▶ **EXERCISE GOAL**
Using the data below, output a verbatim copy of the lines between the one holding "Foto Challange Nr.80-Beitrag-Bild" and the one holding "Leaves on Bricks", inclusive, without any pictures.

▶ **ENTRIES SHOWN**
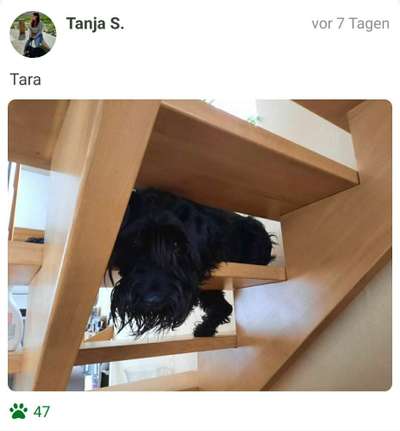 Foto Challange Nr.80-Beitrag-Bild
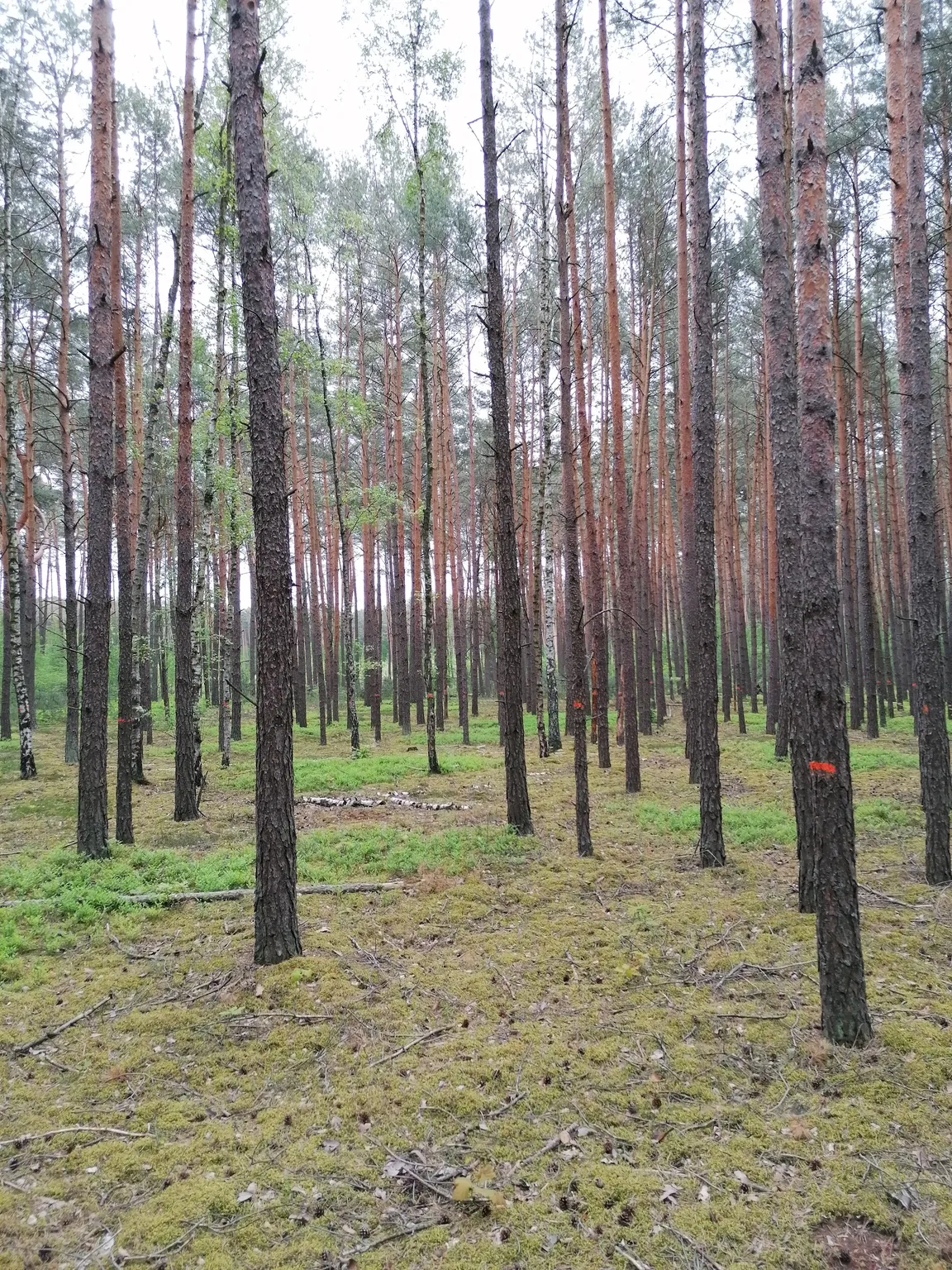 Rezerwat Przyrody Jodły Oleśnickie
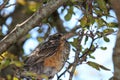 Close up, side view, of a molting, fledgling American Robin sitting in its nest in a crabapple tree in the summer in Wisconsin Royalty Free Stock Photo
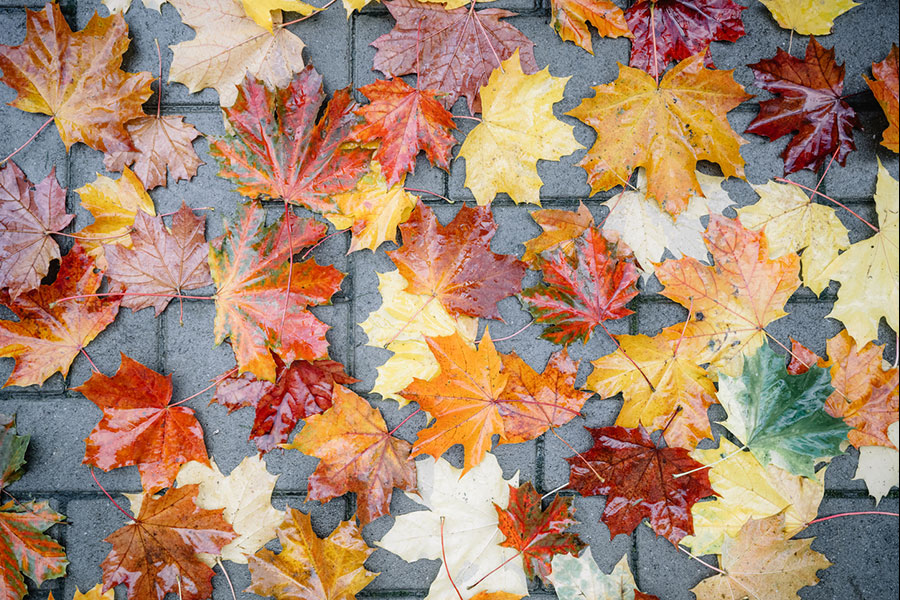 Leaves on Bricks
---
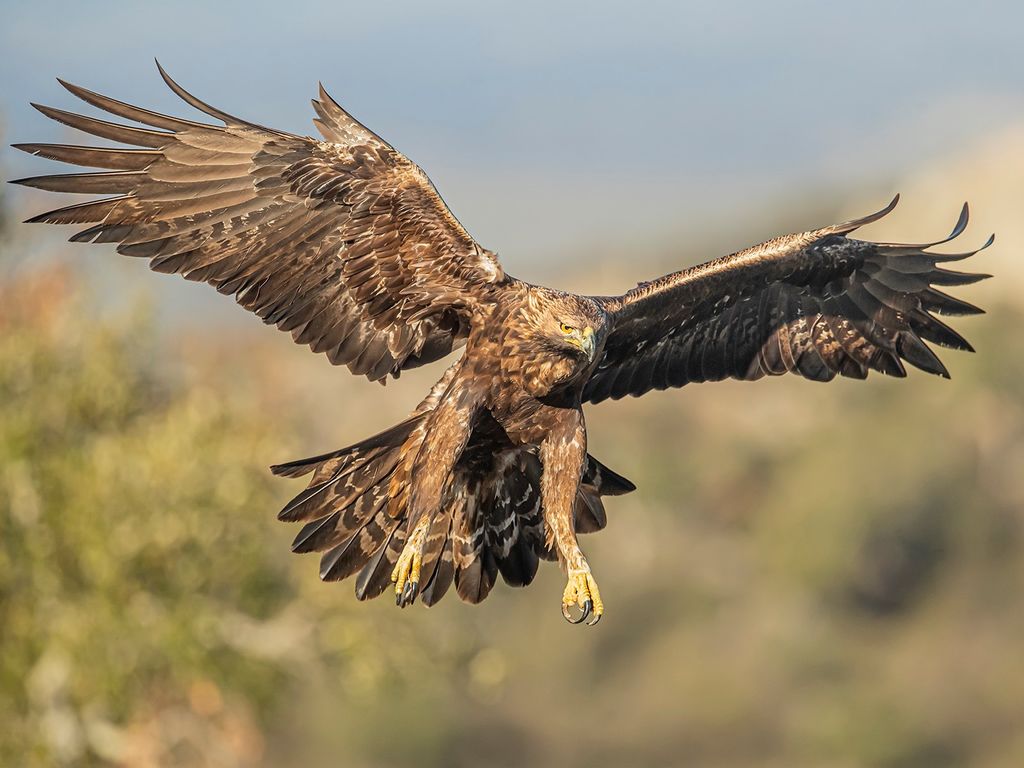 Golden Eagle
--
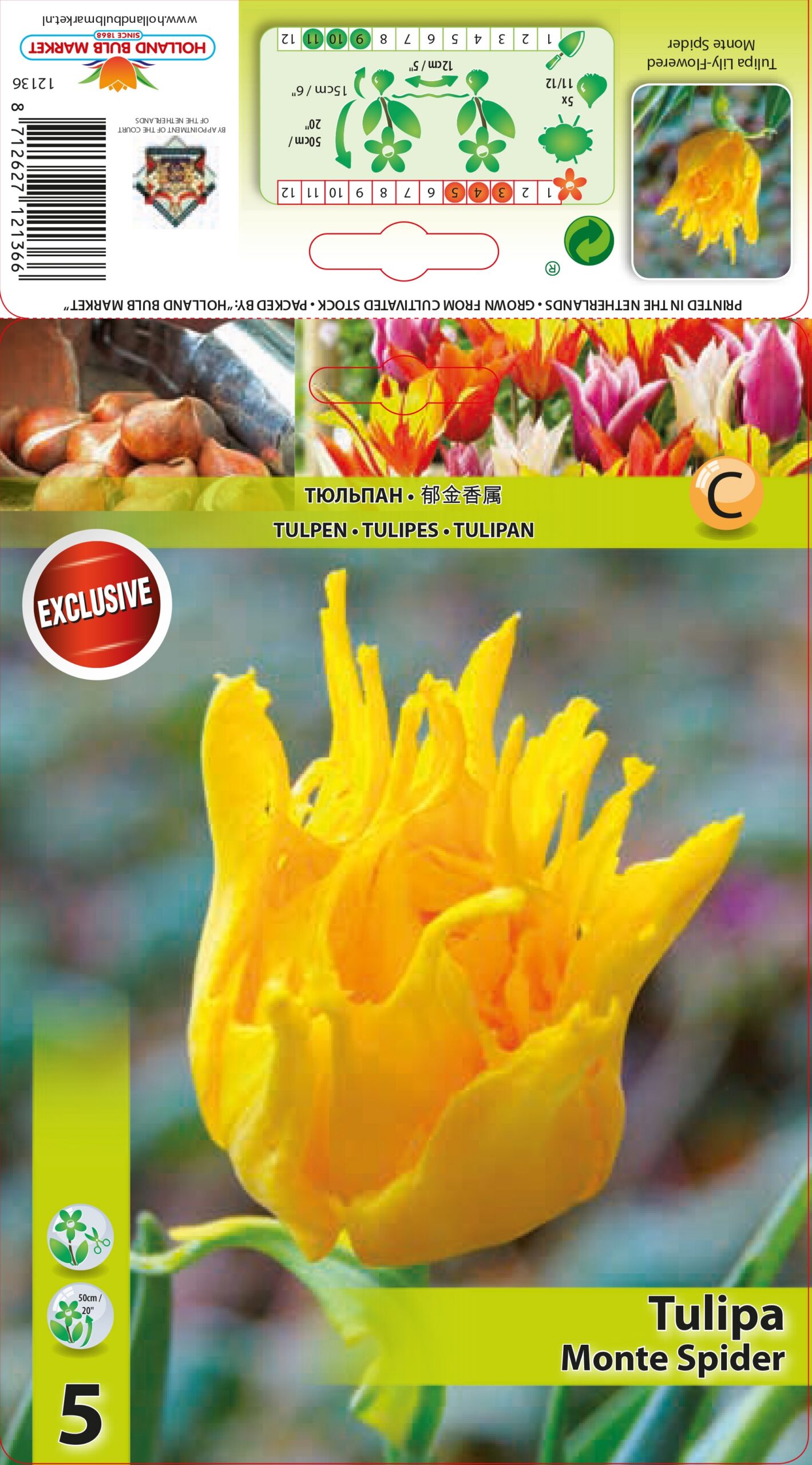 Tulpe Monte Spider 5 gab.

▶ **PROBLEM SOLUTION**
 Foto Challange Nr.80-Beitrag-Bild
 Rezerwat Przyrody Jodły Oleśnickie
 Close up, side view, of a molting, fledgling American Robin sitting in its nest in a crabapple tree in the summer in Wisconsin Royalty Free Stock Photo
 Leaves on Bricks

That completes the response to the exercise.